A inédita Equipe Olímpica de Atletas Refugiados foi formalmente apresentada ao Comitê Olímpico Internacional (COI) na terça 2, durante sua 129ª sessão, que reúne todos os seus membros e ocorre apenas uma vez por ano. Durante a tarde, os atletas concederam entrevista coletiva para jornalistas brasileiros e estrangeiros.

“Este é o começo de nossas vidas, que serão mudadas para sempre", afirmou Yiech, que disputará as provas de atletismo na categoria 800 metros. A equipe competirá em nome do COI, nas modalidades natação, judô e atletismo. Caso ganhem medalhas, a bandeira oficial das Olimpíadas, com a imagem dos cinco arcos, será erguida, ao som do hino olímpico.

"Obrigado a todos que nos apoiam e que nos deram a chance de estar aqui e perseguir nossos sonhos. Somos seres humanos, e não apenas refugiados. Somos como todas as pessoas no mundo", disse a nadadora síria Yusra Mardini, de 18 anos, que disputará 200 metros nas categorias borboleta e nado livre. Ela aprovou as piscinas do Parque Olímpico. “Já nos encontramos com grandes campeões olímpicos, é uma experiência incrível. Estamos muito felizes de estar aqui.”

A equipe é composta por dois nadadores sírios, dois judocas congoleses, um maratonista etíope e cinco corredores sul-sudaneses. “Quero continuar no esporte e olhar para o futuro e não para tudo o que foi perdido. Estamos aqui como exemplo de todos os refugiados do mundo. Podemos fazer qualquer coisa, como todas as outras pessoas”, disse a sul-sudanesa, Rose Nathike Lokonyen, de 23 anos, que disputará a prova dos 800 metros.

O presidente do COI, Thomas Bach, afirmou que a participação da equipe fará “o mundo ficar mais consciente da causa do refúgio”. "A participação dos refugiados nos Jogos Olímpicos é um sinal de esperança para todos os refugiados do mundo. Eles não tinham um país para defender nem uma bandeira para competir. Agora eles têm.”

"Foi difícil deixar nossos países, e não escolhemos o nome de refugiados. Estou contente por ser parte deste time e por representar mais de 60 milhões de pessoas. Esperamos inspirar novos atletas em todo o mundo, não apenas refugiados", disse a nadadora Yusra, durante a sessão do COI.

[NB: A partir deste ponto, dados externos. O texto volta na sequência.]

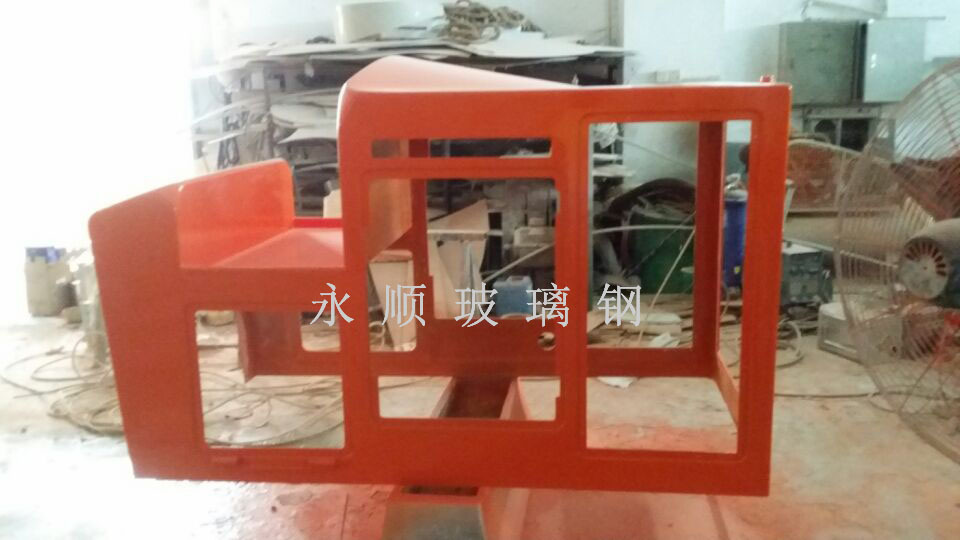 2DE92666E893C331A8EA01A6ACACE0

Em 2015, pela primeira vez na História, o número de refugiados superou os 60 milhões de pessoas (total equivalente à população do Reino Unido) e chegou à 65,3 milhões de pessoas obrigadas a deixar suas casas para fugirem de guerras e perseguições, segundo o Alto Comissariado das Nações Unidas para Refugiados (Acnur). Desde 2011, quando os conflitos na Síria tiveram início, o número de refugiados não para de aumentar.
CONHEÇA OS ATLETAS
Ramis Anis, 25 anos
Natural da Síria, vive na Bélgica e disputará os 100 metros borboleta na Natação. Rami começou a treinar aos 14 anos, em Alepo, seguindo os passos de um tio que participava de campeonatos na modalidade. “A natação é a minha vida. A piscina é o meu lar”, disse. “Com a energia que eu tenho, estou seguro que posso alcançar os melhores resultados. Será uma grande emoção participar das Olimpíadas”.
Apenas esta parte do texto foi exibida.